Longer-term forecast (12-18 months):

  • December 2027 — publication of final results. If the effect is positive and statistically significant (p<0.05), MitoQ will achieve the first-ever precedent: a supplement that slowed biological aging according to validated clocks. The company's value could rise to $1-2 billion.
  • If the result is null (which is likely, given MitoQ's history in clinical trials), the entire partnership will be millions and diplomatic capital wasted. Jan Gruber will return to fundamental research, and MitoQ will continue selling supplements without new evidence.

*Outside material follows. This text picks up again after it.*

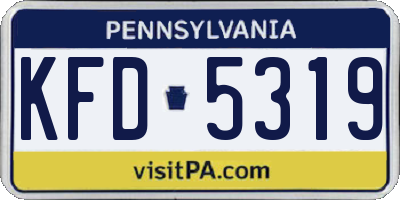 PA license plate KFD5319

Bottom line: signing the MOU in the presence of the prime minister is a brilliant PR move. But science does not tolerate political pressure. LinAge3 is a powerful tool, but it's not magic. If MitoQ doesn't work, no aging clock will make it work. The next 18 months will show whether MitoQ moves from the "marketing hype" category to the "clinically proven therapy" category. For now, the stakes are high, but history predicts against the supplement.